7/27/2025, 2:26:03 AM No.106040677

god I wish I could safely share what I've seen. it's fine... only have to live like this for a week tops

Replies: >>106040747 >>106040752 >>106040766 >>106040776 >>106040787 >>106040830

Anonymous

7/27/2025, 2:33:26 AM No.106040747

>>106040677
Whisper sweet nothings about the strawberry-flavored OpenGPT in my ear

Anonymous

7/27/2025, 2:33:50 AM No.106040752

>>106040677
Okay mr fbi reviewing the epstein files

Anonymous

7/27/2025, 2:34:35 AM No.106040760

>>106039965
Thinker for RP if your RP is not too unsafe.
Instruct for RP if your RP is very unsafe, and use something like "write 2 paragraphs" to prevent it from doing one liners.

Replies: >>106040808

Anonymous

7/27/2025, 2:35:05 AM No.106040766

>>106040677
CONFIRMED: OpenAI's NEW STRAWBERRY GPT5 AGI will bring about the APOCALYPSE and END ALL HUMAN LIFE in "A WEEK TOPS"

Anonymous

7/27/2025, 2:35:41 AM No.106040776

>>106040677
ok sam

Anonymous

7/27/2025, 2:36:47 AM No.106040787

>>106040677
*delayed by a chinese model taking a dump all over it*

Anonymous

7/27/2025, 2:38:22 AM No.106040808

>>106040760
>unsafe
why would qwen care whether the characters are wearing condoms?

Anonymous

7/27/2025, 2:39:26 AM No.106040819

I am one of the testers for openai's new model. I asked it what a mesugaki is and an hour later Sam emailed me personally and invited me to a party on some island or something.
Should I go?

Replies: >>106040825

Anonymous

7/27/2025, 2:40:04 AM No.106040825

>>106040819
RUN

Anonymous

7/27/2025, 2:41:17 AM No.106040830

>>106040677
OpenAI hype squad again?
I'll register my predictions that I won't be very surprised by it.
There's a number of things we know would give impressive results but nobody has the balls to scale it up, OpenAI could do it, but I'd give it a sub-10% that they do anything I would personally consider important. But even if they do that, I would expect it to get replicated when the others once again notice they were sleeping on the wheel - even when many already stated that this or that should be done already, but nobody did it. Once OAI does it, then everyone else copies this obvious thing. Instead of preemptively betting money on scaling up the things they should believe were good. Meh, 5 years of this already since 2020 summer.
Anything else? If not that, I expect some incremental improvement that would be cool and all, but not earth shattering. And not really relevant to /lmg/ since corpo APIs and usual OAI slop. I would not even expect their open source model to be much better than the other stuff, probably very positivity and safety slopped making Deepseek a winner again here for not doing that.

Replies: >>106040845

Anonymous

7/27/2025, 2:43:10 AM No.106040845

>>106040830
I'll also say that if you truly want to post it, just use the gay proxy and post anonymously through Tor, won't be traced back to you, unless the information you want to share was known mostly to you and very very few people.

Replies: >>106040867

Anonymous

7/27/2025, 2:46:08 AM No.106040867

>>106040845
Have you considered, even for a moment, that he was just larping and didn't actually see anything?

Replies: >>106040904

Anonymous

7/27/2025, 2:46:12 AM No.106040871

Guys my uncle works for open AI and he said that the open model will be gpt5o mini and that it knows how to RP as a Mesugaki Nala while quoting Castlevania: SOTN and that's why it has been delayed.
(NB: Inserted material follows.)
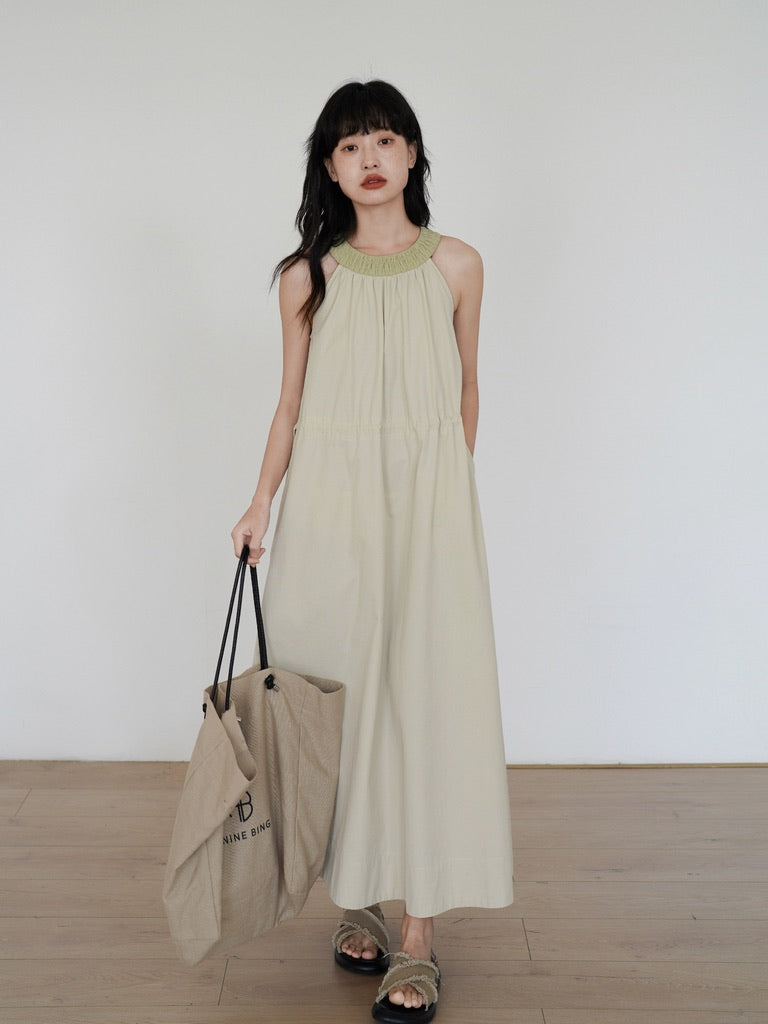 Pocket Maxi Dress in Greige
Replies: >>106040891 >>106040934 >>106040948

Anonymous

7/27/2025, 2:48:34 AM No.106040891

>>106040871
If I give you my chocolate lunch milk for a week can you ask your uncle to leak the RP capable gpt5o weights?

Anonymous

7/27/2025, 2:50:07 AM No.106040904

>>106040867
I assumed he was larping, but on the off chance he was not, I reminded him that he has an easy way to anonymously leak.

Anonymous

7/27/2025, 2:52:03 AM No.106040920

>chocolate
For me, it's strawberry milk ;)

Anonymous

7/27/2025, 2:53:24 AM No.106040934

>>106040871
>it knows how to RP as a Mesugaki Nala while quoting Castlevania: SOTN
audible lol

Anonymous

7/27/2025, 2:54:20 AM No.106040948

>>106040871
How many watermelons can it hold? This is make or break information.